■ **TASK OBJECTIVE**
Return exactly the lines from the one containing "Прицеп ССТ-7132-13 — изображение 3" through the end of the material below, and leave the images out.

■ **DATA**
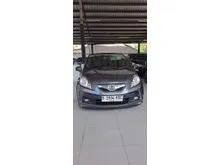 2014 Honda Brio 1.2 E Hatchback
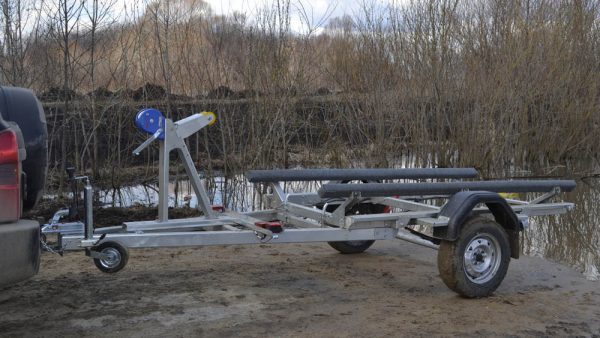Прицеп ССТ-7132-13 — изображение 3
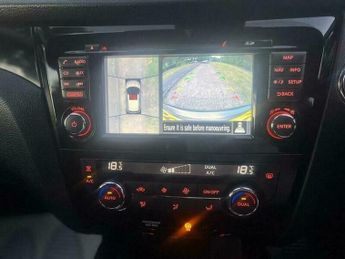Nissan Qashqai 1.6 dCi N-Connecta 5dr Xtronic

■ **YOUR SOLUTION**
Прицеп ССТ-7132-13 — изображение 3
Nissan Qashqai 1.6 dCi N-Connecta 5dr Xtronic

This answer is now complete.